The application on Monday has sought listing of its PIL pending with the Supreme Court since September 2017. The matter was last heard on January 20 this year and has not come up for hearing since then.
Advocate Prashant Bhushan, who has filed the plea for ADR informed the Court that just before the Bihar Assembly elections, the State Bank of India has been authorized to issue and encash Electoral Bonds through its 29 authorized branches between October 19 and 28.
The application said, “Even though a notification, dated January 2, 2018 stipulates sale of electoral bonds in January, April, July and October months of each year; the window was not opened in April and July, but has been opened in October, right before the Bihar legislative election.”
The ADR in its PIL had sought that the amendments carried out to the Finance Act that were passed as Money Bills which provided an anonymous route for political parties to receive corporate funding through electoral bonds be struck down. This lack of transparency in the accounts of all political parties was cited as the ground by ADR to oppose this scheme. These donations enjoy 100 per cent tax exemption as they need not be reported to the Income Tax Department either, the petition added.
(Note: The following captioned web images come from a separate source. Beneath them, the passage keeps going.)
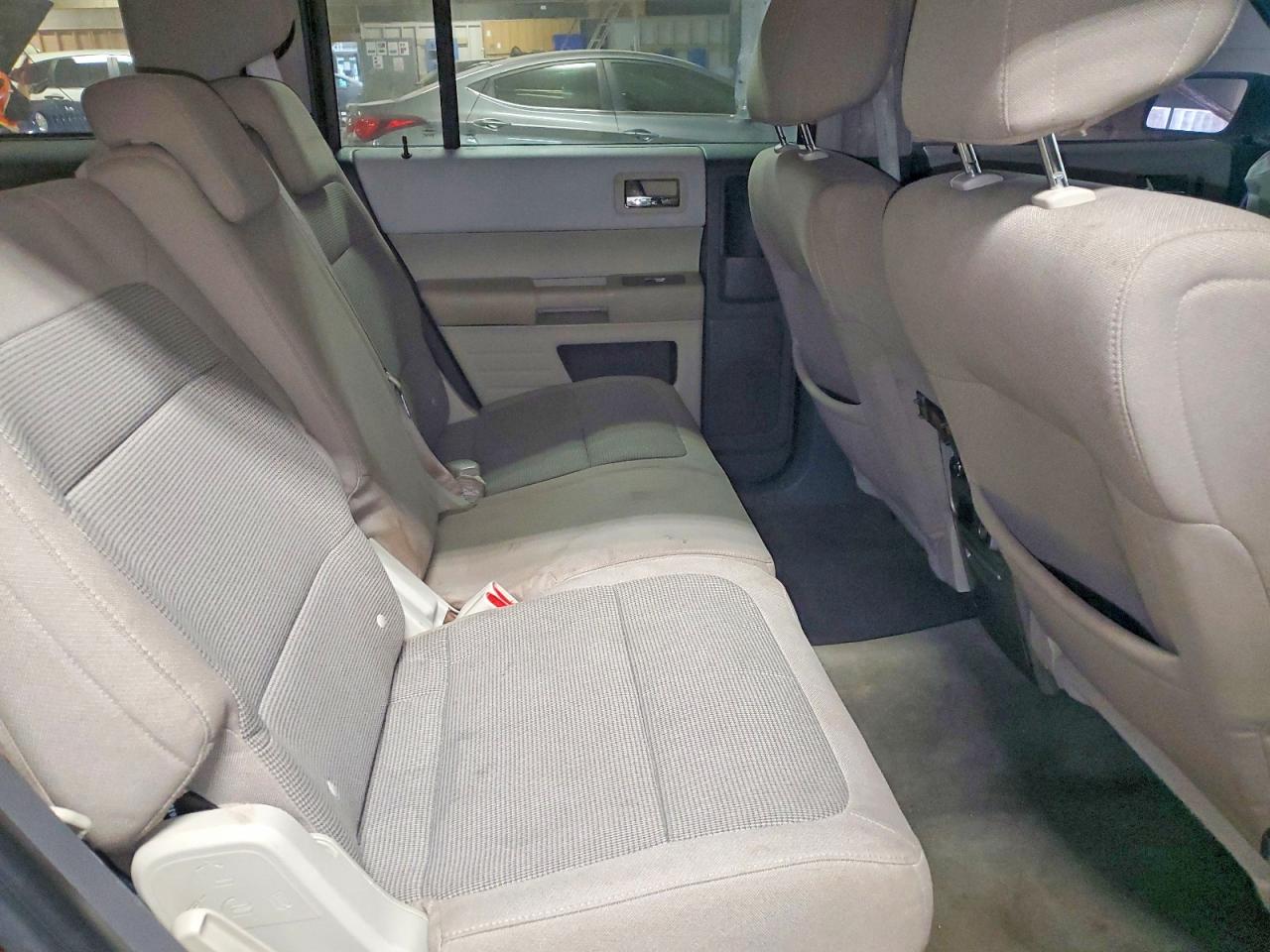 2011 FORD FLEX SE photo 21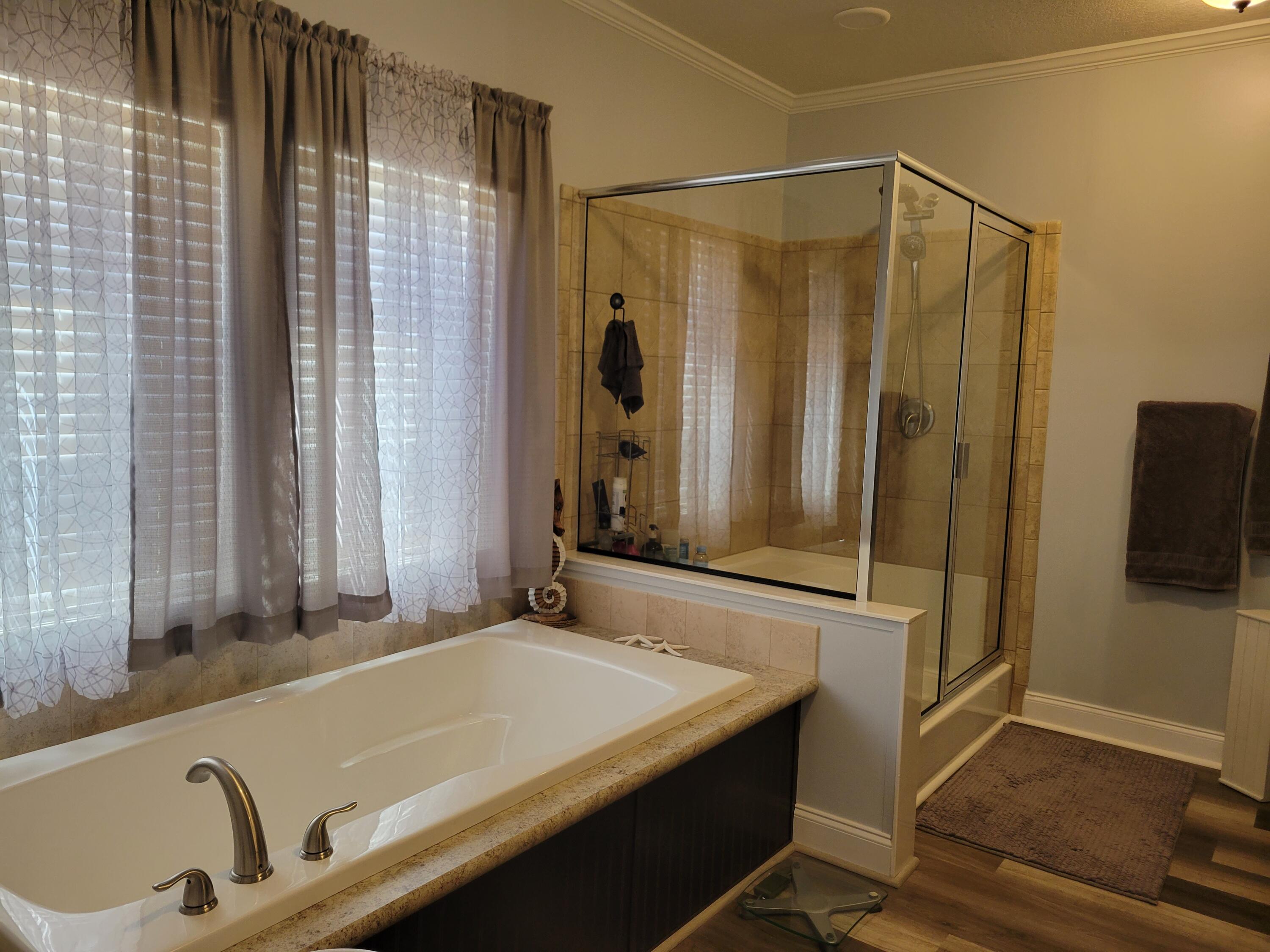 PARADISE ISLAND - Residential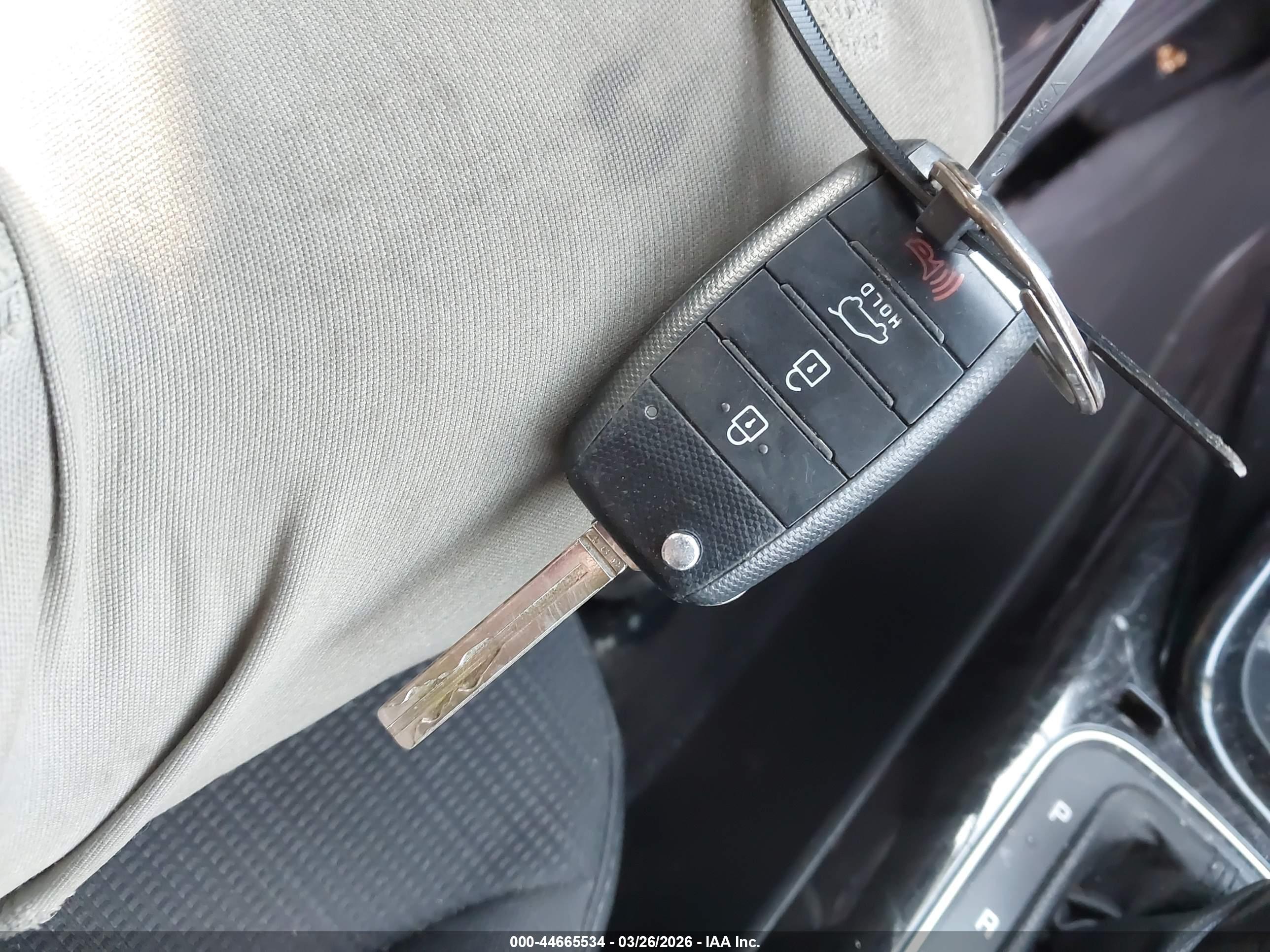KIA SORENTO image 11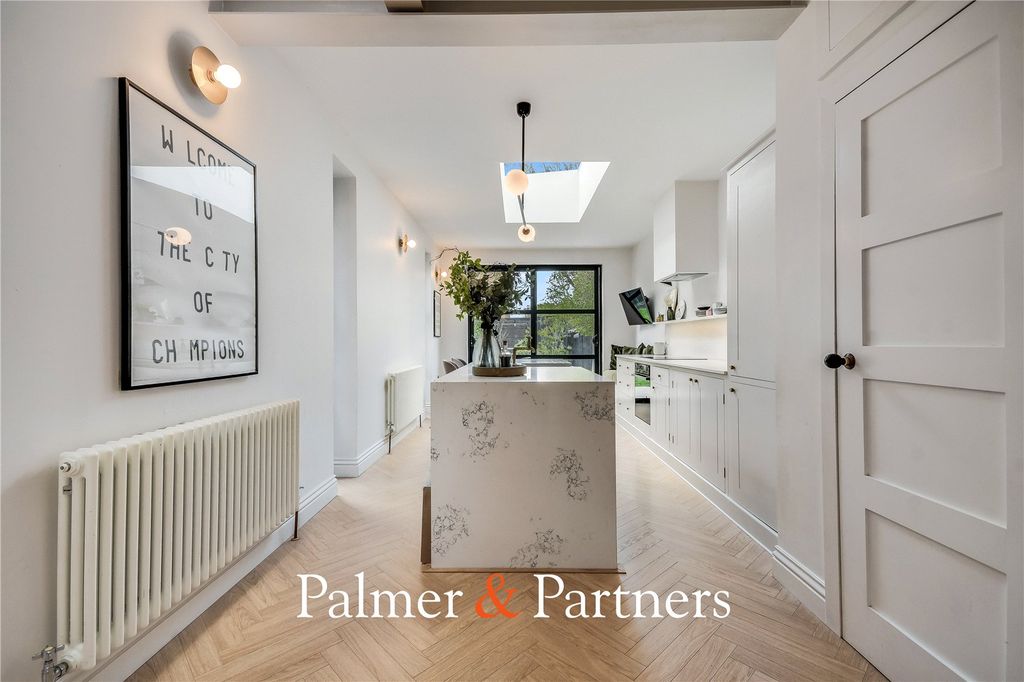 Property photo 1 of 31 Picture No. 23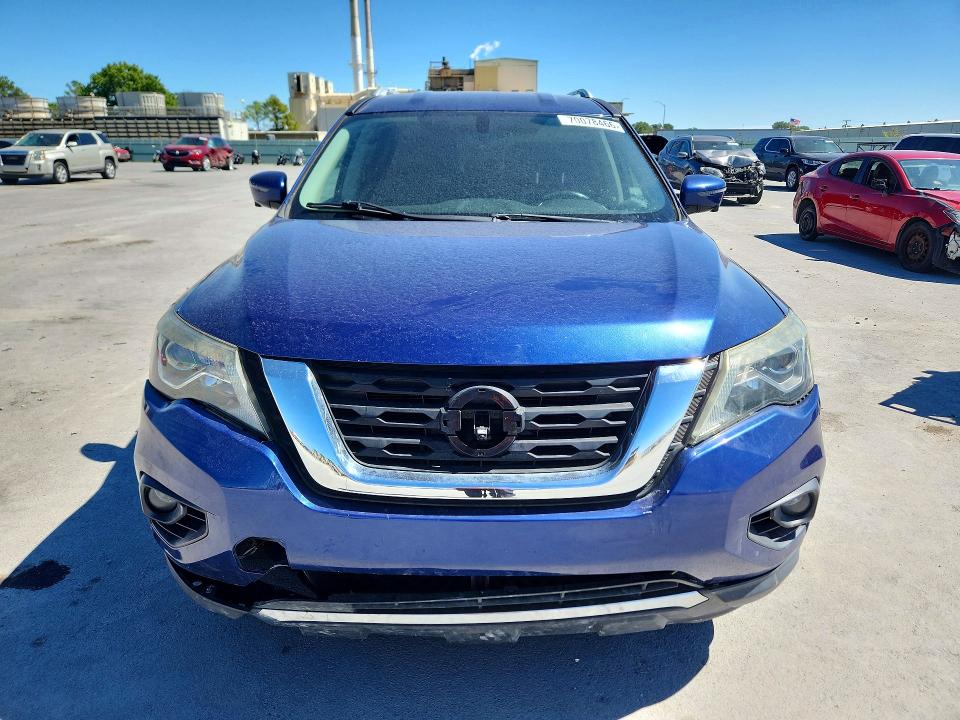 70078466 :رقم المزاد ، 5N1DR2MNXHC626590 vin ، 2017 Nissan Pathfinder مزاد بيع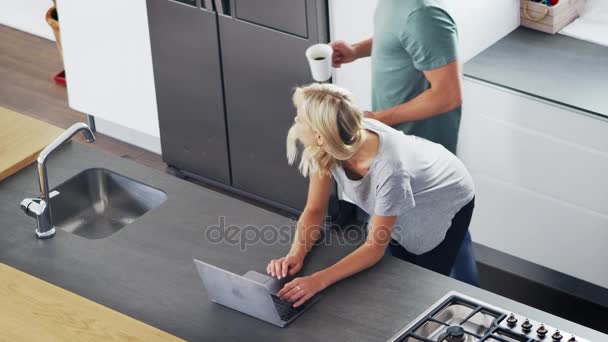 Paar schaut auf Laptop — Stockvideo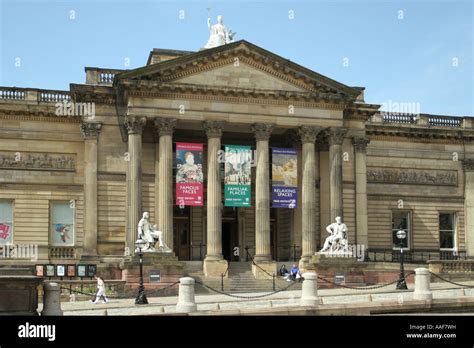 Walker Art Gallery, Liverpool Stock Photo - Alamy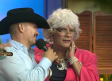 'Mama Chelo' se enamora de este aficionado, hasta beso le dio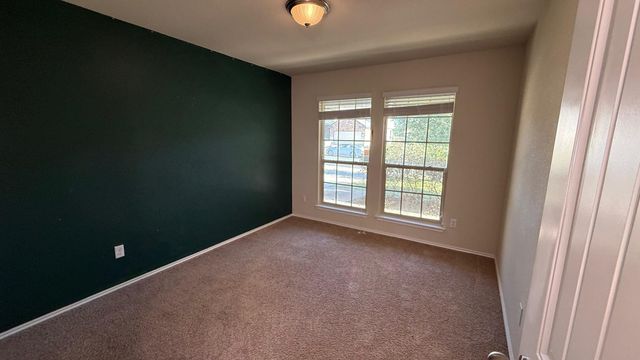 116 Zoisite LN, Jarrell, TX 76537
“The Electoral Bonds Scheme has opened the floodgates to unlimited corporate donations to political parties and anonymous financing by Indian as well as foreign companies which can have serious repercussions on the Indian democracy,” the application stated, adding that the Finance Act of 2017 exempts use of electoral bonds from disclosure under the Representation of Peoples Act.
The ADR moved applications in March 2019 and again in November 2019 to stay the implementation of the Electoral Bond Scheme but the same was not granted. In April 2019, an interim order was issued by the Supreme Court asking political parties to disclose to the Election Commission in a sealed cover details of donations received by way of electoral bonds.
In the same order, the top court had observed that the issue with regard to electoral bonds gives rise to “weighty issues which have a tremendous bearing on the sanctity of the electoral process in the country” which require an in-depth hearing.